I agree that this thing has not gone off perfectly. In fact, I think that a hiatus may be useful just in offering the chance to recalibrate. There are a lot of risks in this first large-scale sniff event by Chandler, and rediscovering the reality of maceration, etc., seems to be one of them.
But there are even more issues with perfume as art. I am fully convinced of the following things:
- Perfume is art that changes more easily than many - that requires not just restoration, but re-creation, to exist.
- It is possible for artistically significant aspects to fade, disappear, or not have yet come into existence.
- All viewers of the art are astigmatic to a very high degree.
- Continuing the analogy, partial color-blindness and wavelength-dependent photosensitivity are the norm.
- Interestingly, it almost seems like we see each other's sensory defects more easily than we see our own.
- The language of the sense is poorly developed, and the application of the language of the arts suffers because of it.
- The assertion that the standard chronology of art history applies to fragrance is highly plausible, but I would like to see more and more proof. That proof will arise by consensus of freely diverging opinions. We already see diverging opinions about interpretation of works in that context. VERY GOOD. Otherwise, it risks a lack of rigor.
- The role of components is not strictly analogous to those used in the visual arts. Chandler has rightfully dragged us away from reducing things to a chronological laundry list of notes and components. However, the odors of individual components are intrinsically useful, either as language constructs themselves, or in deducing better language constructs. Beyond their mathematically constructive utility as small vectors, they are more than just paint colors - they are patterns in themselves, and they interact to a huge degree in ways that are partially determined by their own natures. Higher constructs cannot be discussed without speaking about the parts - at least, not with any rigor. To borrow from Chanel: "Inevitable."
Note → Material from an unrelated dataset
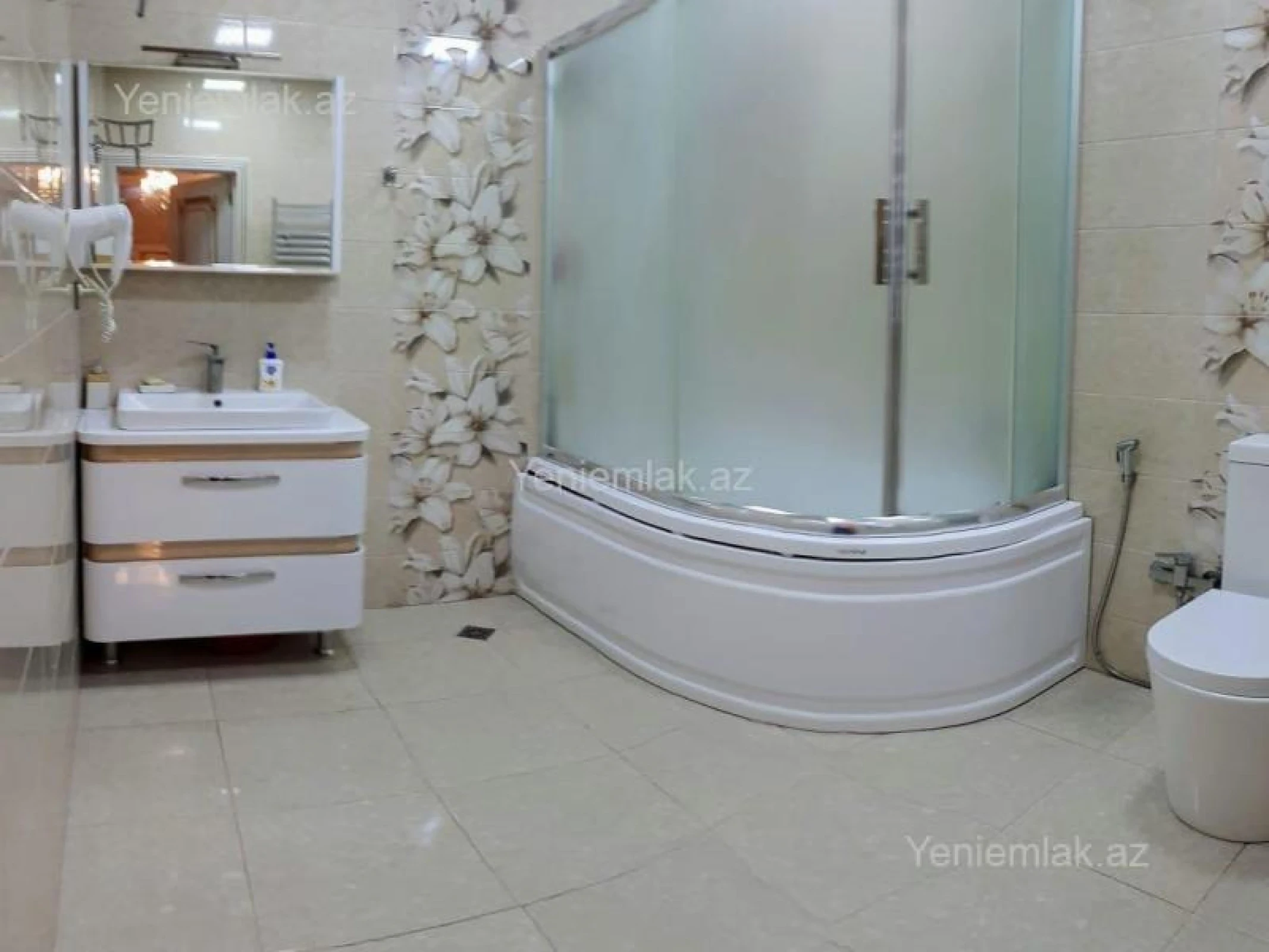 Satılır 4 otaqlı yeni tikili 167 m²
- Spatial and geometric analogies are useful in fragrance, but they are arbitrary, and we need to be careful about using them to communicate, because not only are they not "real" - they are not even canonical in any valid way. Temporal concepts are more realistic, but even those are readily distorted in going to language, and must be used carefully.
- The beauty of fragrance is highly dependent upon shared experience of the sense, and also upon previous memories. This is why metaphor works so well - when both ends have the key - as a communication medium when talking about the beauty
of scent, but not about it's construction. Borrowing from a conversation that I had with Pascal Gaurin, it is more useful to describe something as having the odor of a particular spice, than to say it smells like Grandma's kitchen. Both perfumers and perfumistas can readily see the truth of that statement. However
, who among us has not "gotten" the beauty of a scent when a metaphor was presented to us? Who among us has not been in awe of some of Luca Turin's brilliant olfactory descriptions of certain masterpieces? Marketing, critics, and the "perfume lover" in us, all see the importance and utility of communication by such means, because metaphor encapsulates multiple nuances that are otherwise difficult to encode in the language, much less in a compact way. And I will argue that these shared, complex descriptions which transmit by simple yet inexact phraseology, may actually be a remarkably compact and yet more precise mathematical "fit" of the beauty of fragrance, than what we can do with arbitrary visualizations, translated into words. I almost want to congratulate marketing for their rigor, which in retrospect seems greater than any description of "roundness" or "brightness" that we can muster, no matter how well-communicated or brilliantly worded.
Summing up, I feel that this project has been incredibly worthwhile - not so much for agreeing with Chandler, but in beginning a fascinating and important conversation. He's lighting a spark - and I'm thrilled that it seems to be catching. I'm also looking forward to the museum opening - HUGELY.